Apache HBase
Apache HBase is an open-source clone of Google’s Bigtable, built on top of HDFS as the storage layer. Started in 2008 as part of the Hadoop ecosystem, HBase provides random, strongly-consistent read/write access to massive structured datasets — petabyte-scale tables with billions of rows and millions of columns. HBase remains widely deployed at large enterprises that already run Hadoop, but greenfield projects today usually choose Cassandra, ScyllaDB, or a managed wide-column service instead.
Key Features:
- Bigtable Data Model. Sparse multidimensional sorted map:
(row key, column family, column qualifier, timestamp) → value. Columns within a family are stored together; different rows can have entirely different columns.

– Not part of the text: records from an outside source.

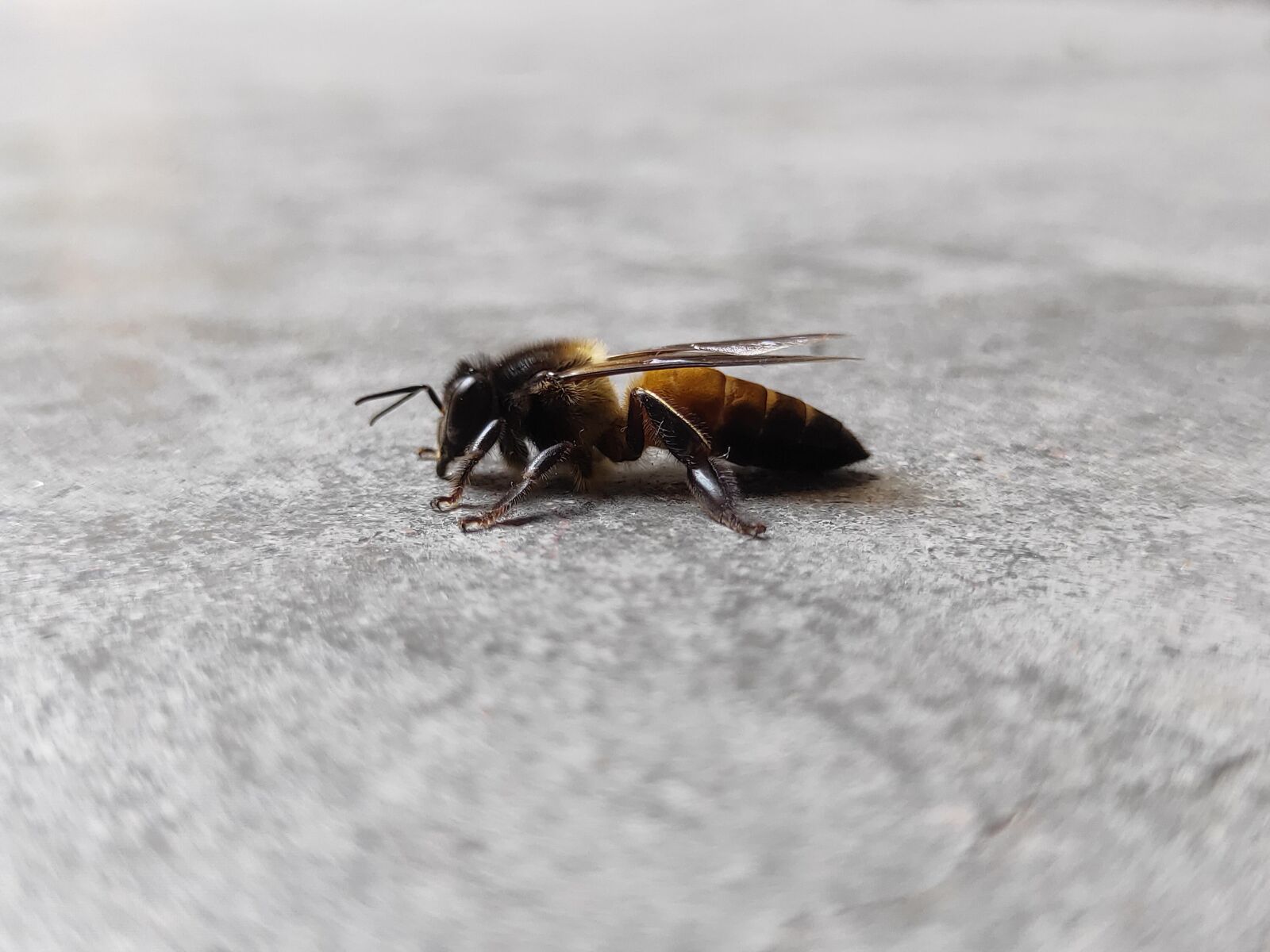 Realme 3 PRO sample photo. Honey bee, hornet, bee photography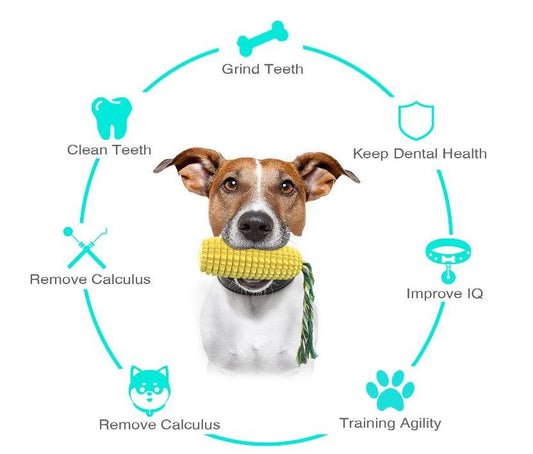 Dog Chew Toys for Aggressive Chewers, Dog Toys - Toys Winner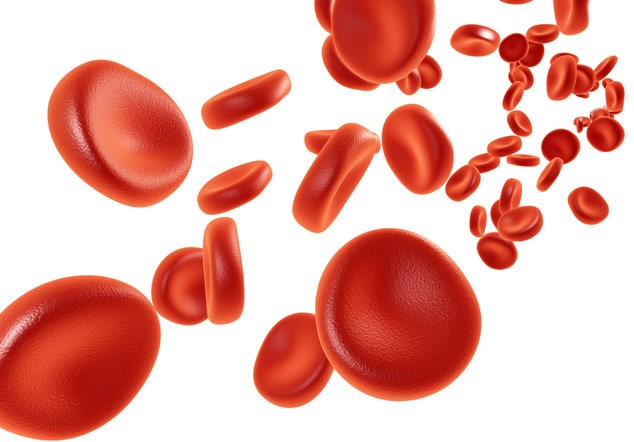 Как поднять уровень лейкоцитов в крови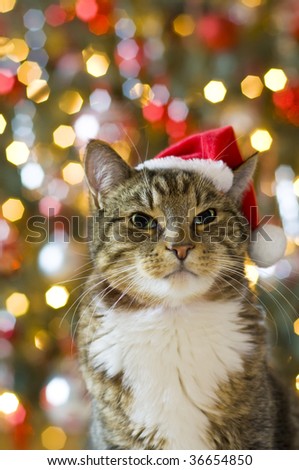 Cat with Santa Claus red hat with multicolored lights in the background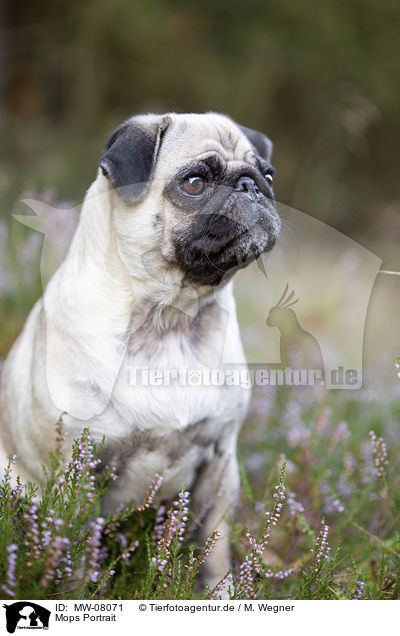 Mops Portrait / Pug Portrait / MW-08071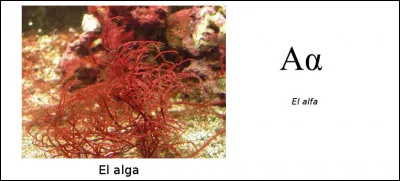 Est-ce vrai ou faux ?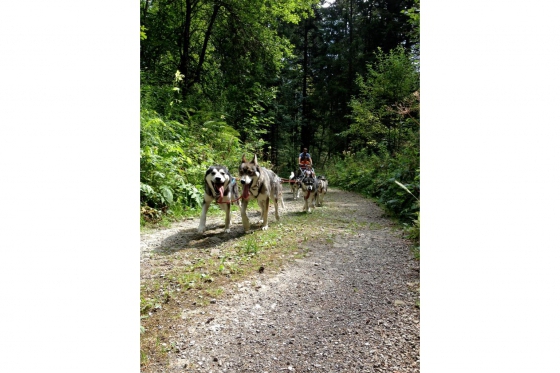 Husky et Kart - Randonnée avec attelage 2 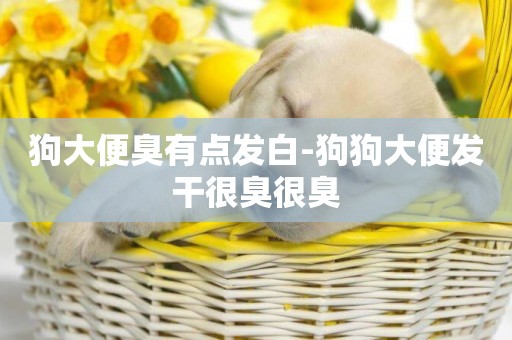 狗大便臭有點發白-狗狗大便發干很臭很臭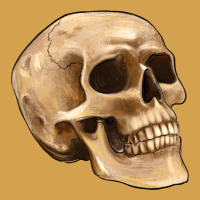 Skull Urban Hoodie | Teevron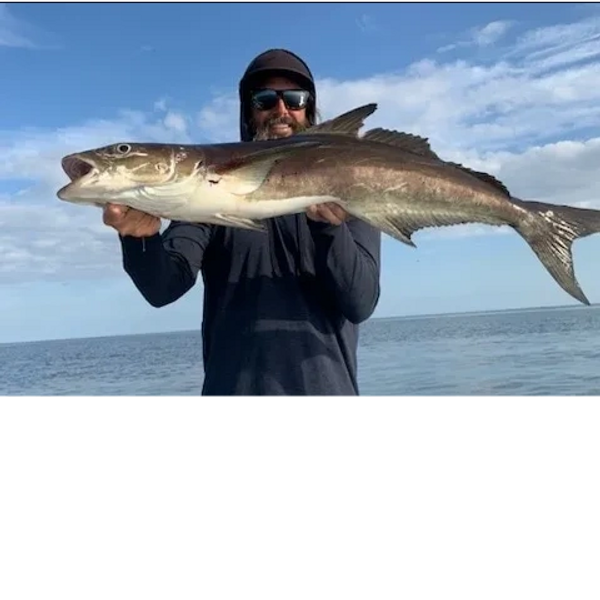 client holding Cobia  deep sea fishing 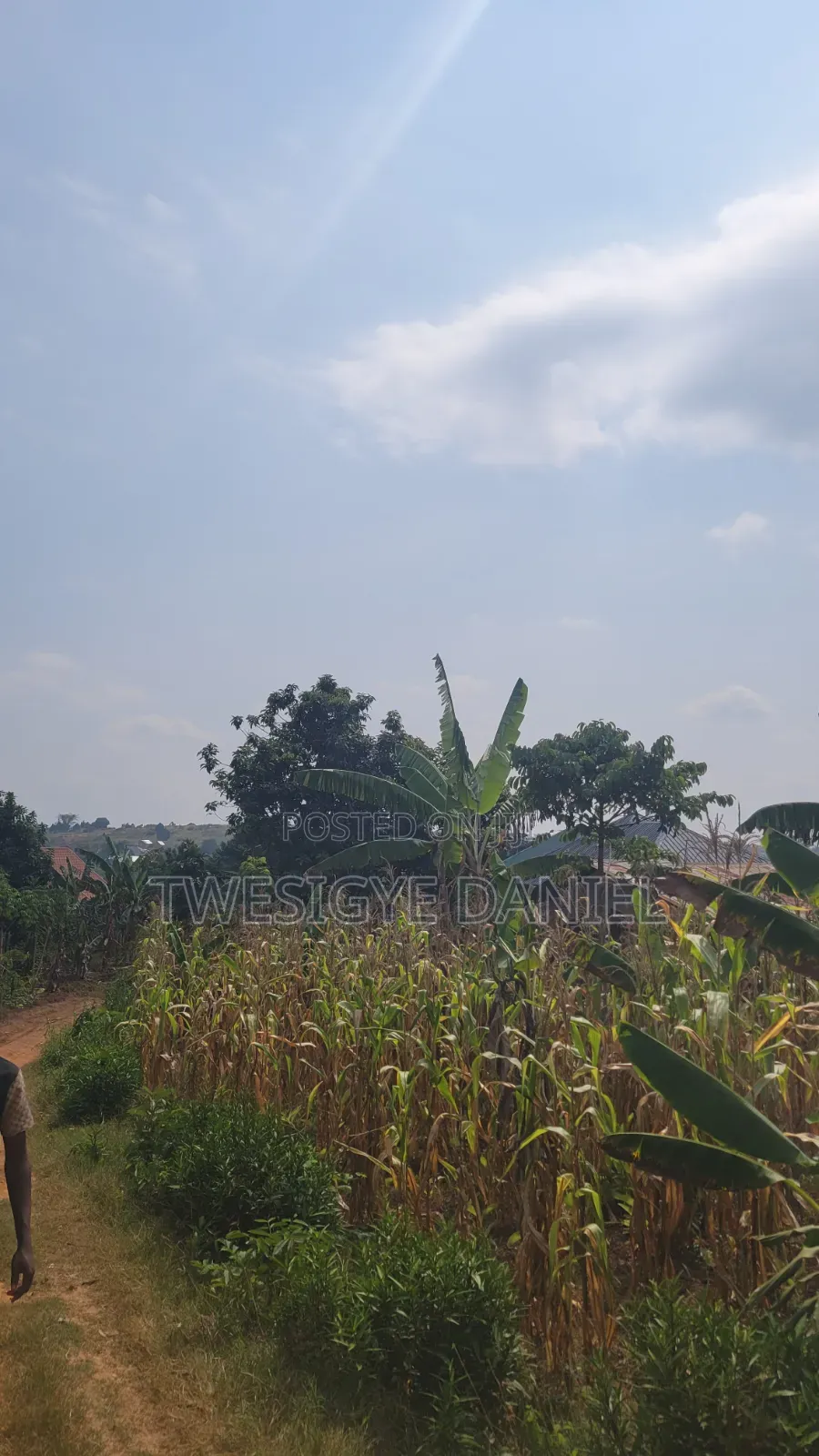 Plot for Sale in Mwera Town Council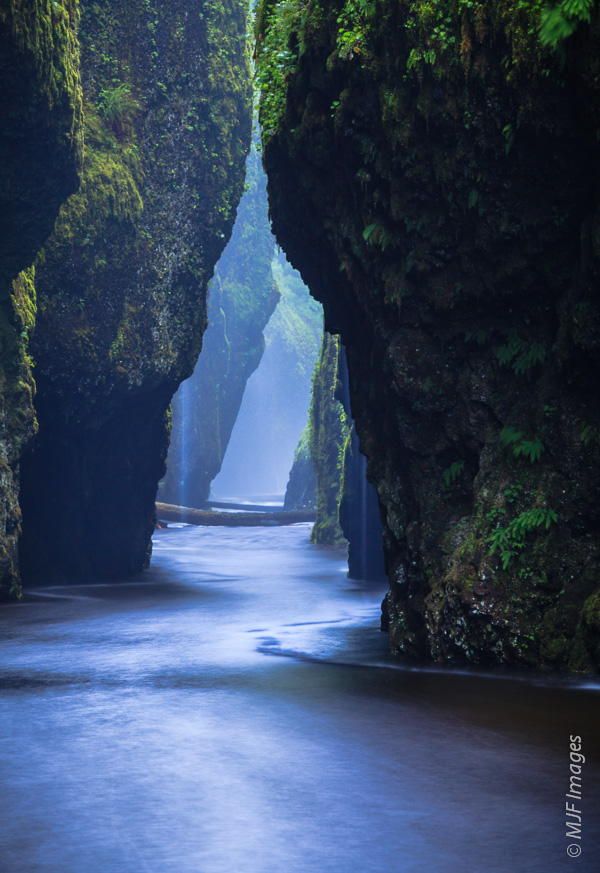 The narrows at Oneonta Gorge in Oregon are here full after spring rains.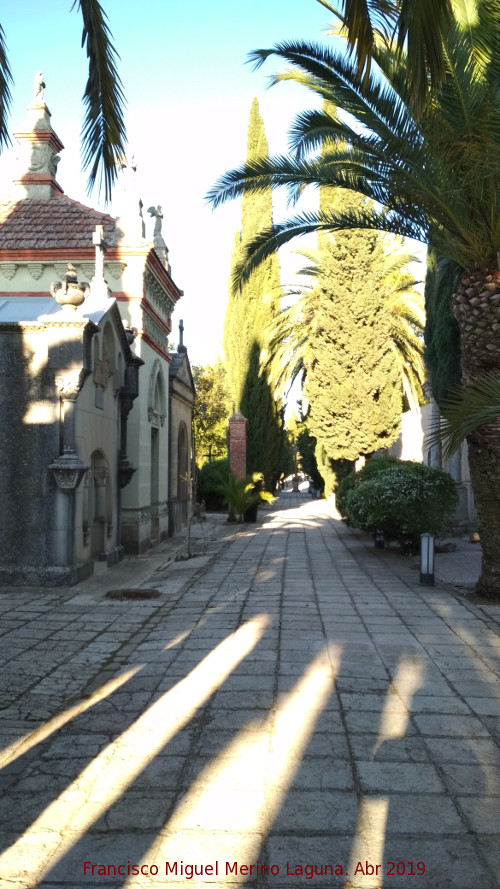 Cementerio de Baeza - Cementerio de Baeza. 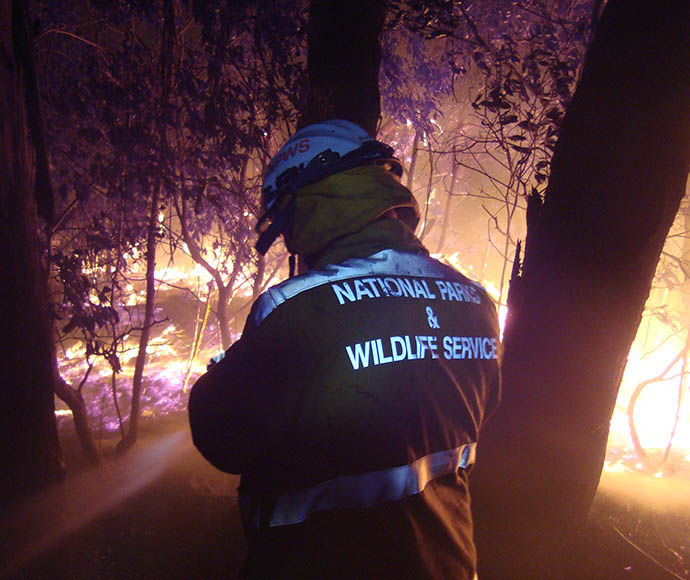 Firefighter in a 'National Parks and Wildlife' uniform watching as bushland burns at nighttime.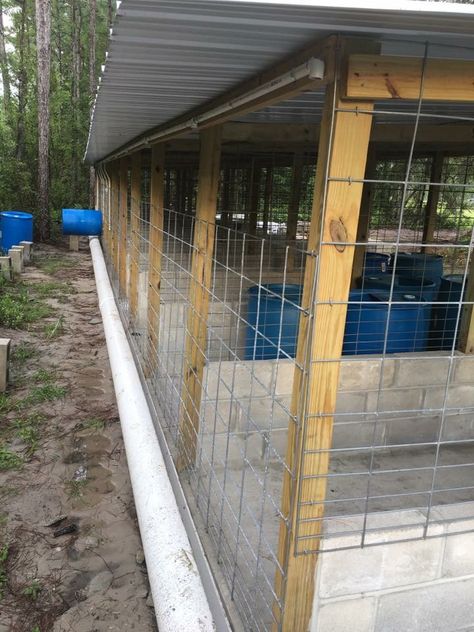 Dog Shed House Inside, Carport Dog Kennel Ideas, Dog Kennel Ideas Outdoor, Kennel Design, Dog Kennel And Run, K9 Kennels, Kennel Diy, Kennel Ideas Outdoor, Cheap Dog Kennels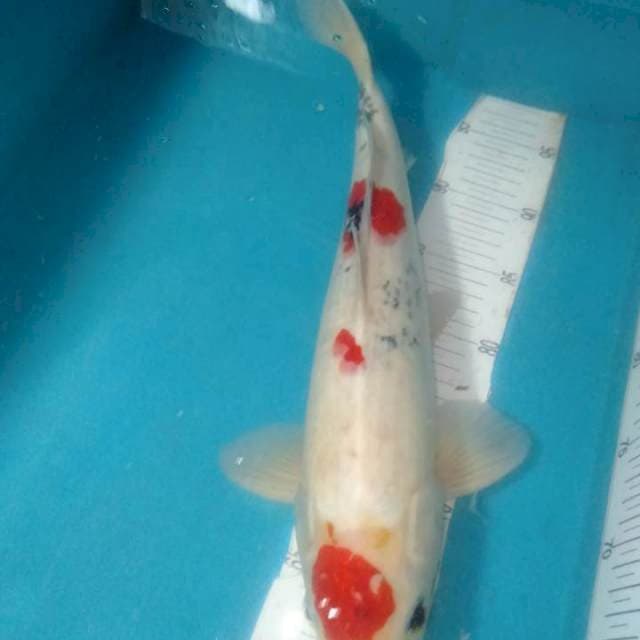 SHOWA,,MALE 43CM
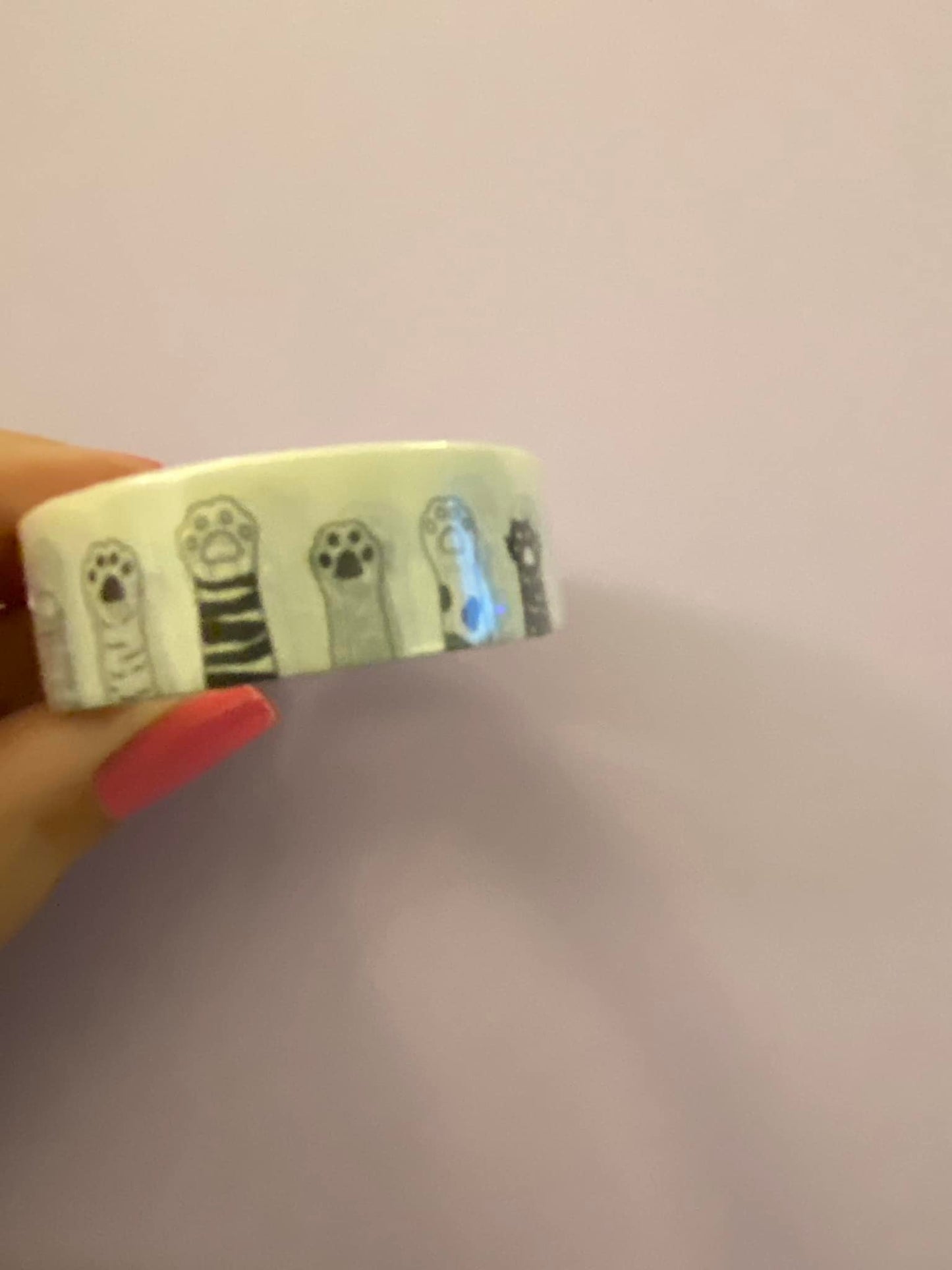 Big Roll of Cat Paws Washi Tape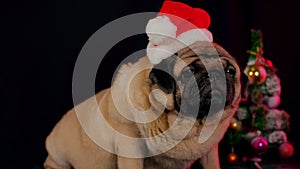 Pug, dog in a hat like Santa Claus. Dog wearing red santa hat in the run up to Christmas isolated on black background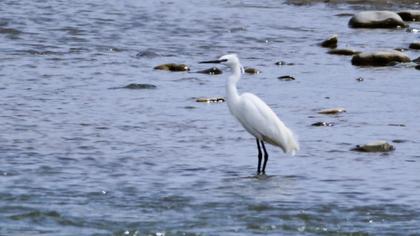 Küçük ak balıkçıl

- Strong Consistency. Single master per region — reads and writes for a row are linearizable. Different from Cassandra’s eventual model.
- HDFS Storage. SSTables (HFiles) live on HDFS, inheriting its durability, replication factor, and locality model.
- Region Servers. Tables are split into row-key ranges (regions) assigned to region servers. Auto-split when a region exceeds size threshold.
- HBase Shell + REST + Thrift. Multiple client surfaces; JVM is the native one.
- Coprocessors. Server-side trigger / aggregation hooks — conceptual ancestor of Cassandra’s materialized views.
HBase vs. Cassandra:
- HBase. Strong consistency, single master per region, HDFS-backed. Best when you already run Hadoop and want strong consistency.
- Cassandra. Eventual consistency, masterless, multi-region native. Best for write-heavy and multi-DC workloads.
- Both implement Bigtable-style wide-column data models with very similar query semantics.
Use Cases:
- Operational data stores on top of an existing Hadoop cluster.
- Massive time-series tables (Open TSDB built on HBase).
- Real-time random access to data also queried by MapReduce / Spark batch jobs.
- Facebook Messages, Yahoo, AdRoll, and many financial-services workloads ran on HBase historically.
Notes:
HBase’s master-region-server topology has more operational complexity than Cassandra’s peer-to-peer ring. For new deployments today the question usually becomes “HBase or Cassandra/Scylla?” — HBase wins when strong consistency is required and Hadoop infrastructure is already in place; otherwise Cassandra or a managed Bigtable / DynamoDB equivalent is typically simpler.